Work to be completed => Using the data that follows, output only the lines from the line with "Baby tiny hand" up to and including the line with "May include: White", exactly, leaving pictures aside.

---------- The input ----------

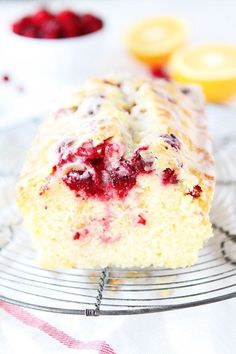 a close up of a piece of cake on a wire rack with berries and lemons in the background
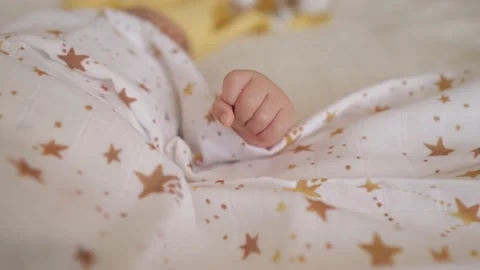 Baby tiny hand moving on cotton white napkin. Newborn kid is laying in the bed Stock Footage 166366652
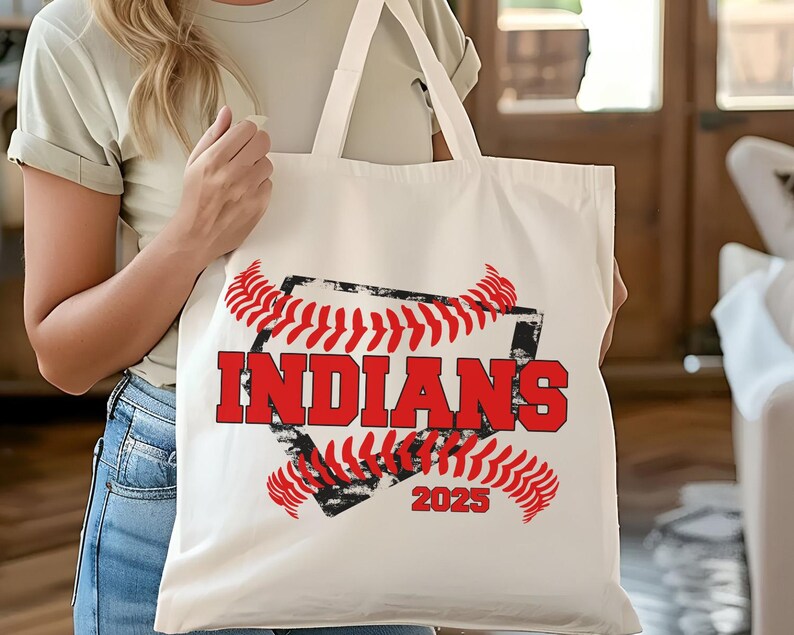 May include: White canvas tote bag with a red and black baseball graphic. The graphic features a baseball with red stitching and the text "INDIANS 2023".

----------
---------- The input ----------

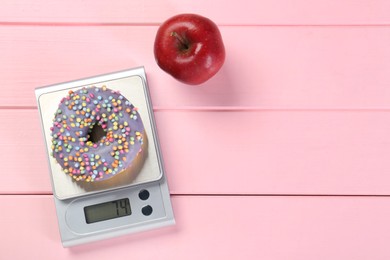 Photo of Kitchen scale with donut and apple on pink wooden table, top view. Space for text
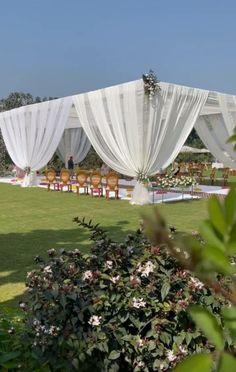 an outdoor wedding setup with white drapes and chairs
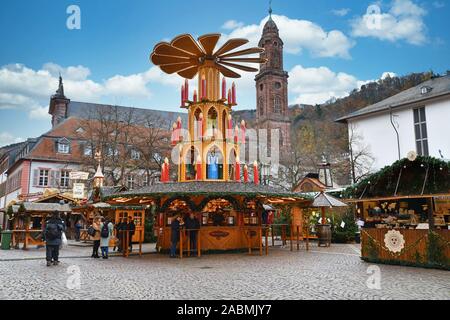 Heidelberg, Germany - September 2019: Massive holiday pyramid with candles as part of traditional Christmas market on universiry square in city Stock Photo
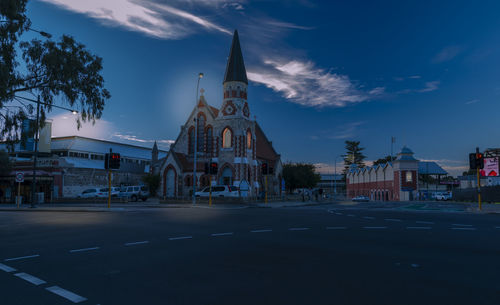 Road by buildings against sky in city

----------
---------- The input ----------

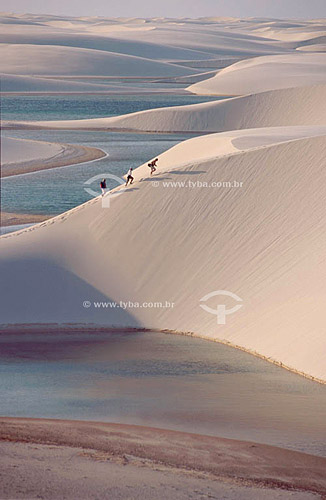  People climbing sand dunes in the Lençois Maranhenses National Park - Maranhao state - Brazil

----------

Solution for this exercise =>
 Baby tiny hand moving on cotton white napkin. Newborn kid is laying in the bed Stock Footage 166366652
 May include: White canvas tote bag with a red and black baseball graphic. The graphic features a baseball with red stitching and the text "INDIANS 2023".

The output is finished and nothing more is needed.